**ACTIVITY**:
Look in the data below for the line that has "hygienic people taking", then print exactly every line from there through the line that has "ASOS DESIGN Heavyweight", leaving pictures out.

**RECORDS TO USE**:
-------

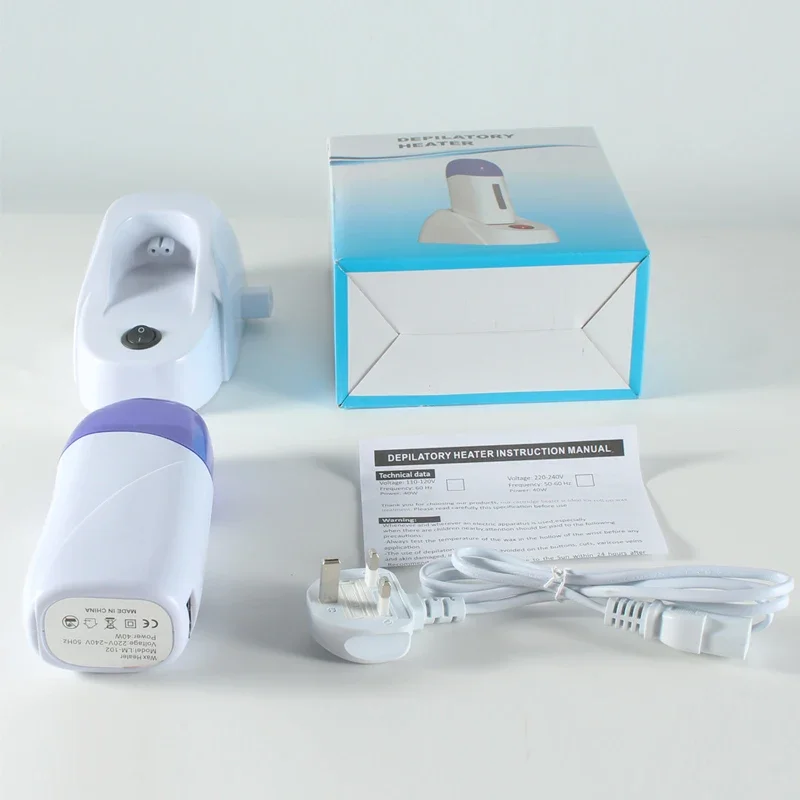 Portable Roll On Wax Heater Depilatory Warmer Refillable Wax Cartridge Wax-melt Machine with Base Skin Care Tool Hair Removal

-------

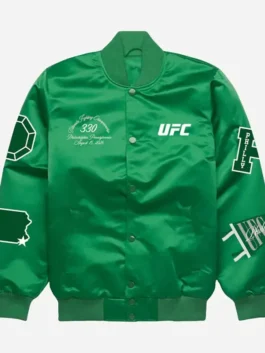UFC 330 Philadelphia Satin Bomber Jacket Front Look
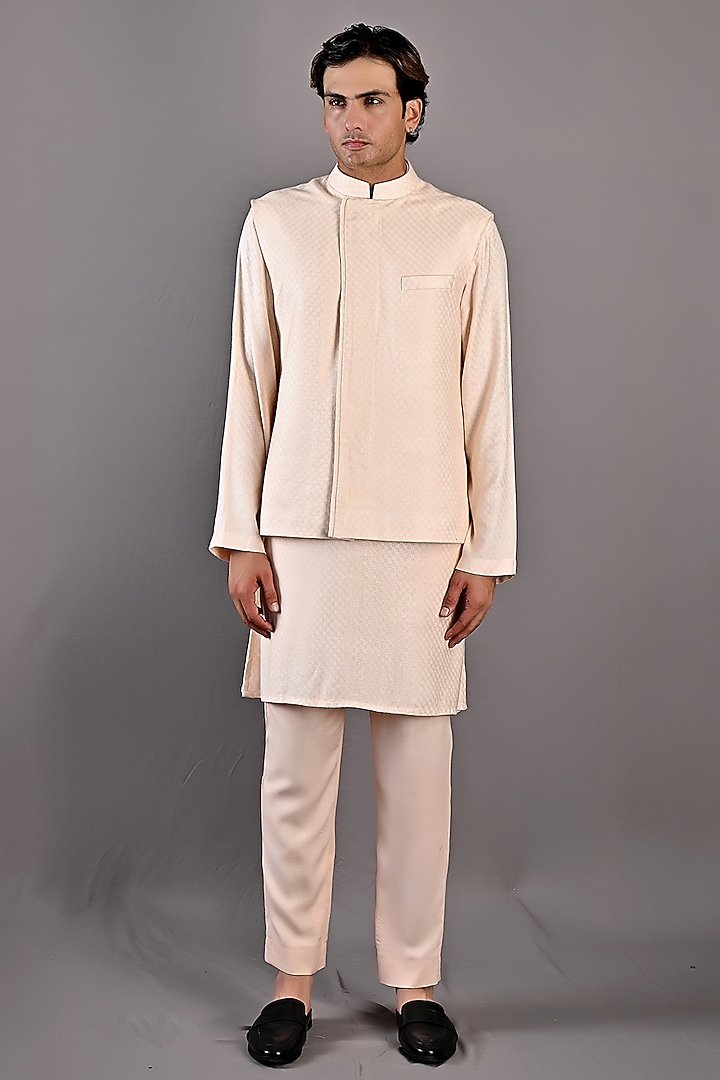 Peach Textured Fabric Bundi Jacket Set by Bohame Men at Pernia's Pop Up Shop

-------

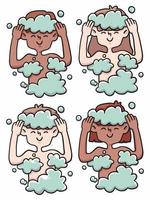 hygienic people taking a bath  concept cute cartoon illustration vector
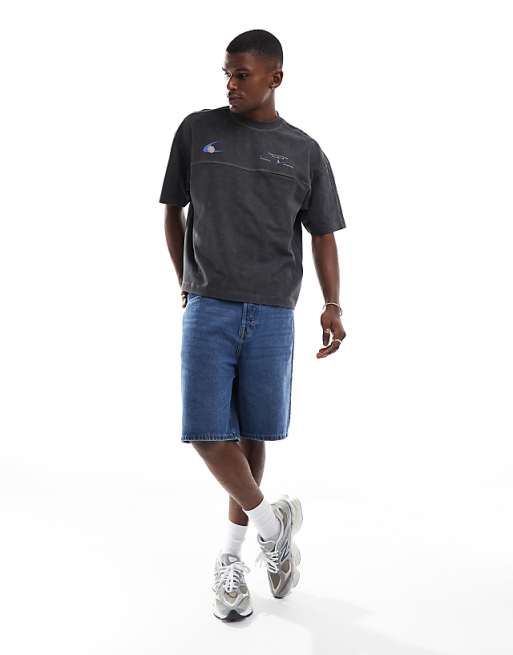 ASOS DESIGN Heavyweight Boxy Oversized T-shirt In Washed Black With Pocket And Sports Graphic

-------

**EXERCISE RESPONSE**:
 hygienic people taking a bath  concept cute cartoon illustration vector
 ASOS DESIGN Heavyweight Boxy Oversized T-shirt In Washed Black With Pocket And Sports Graphic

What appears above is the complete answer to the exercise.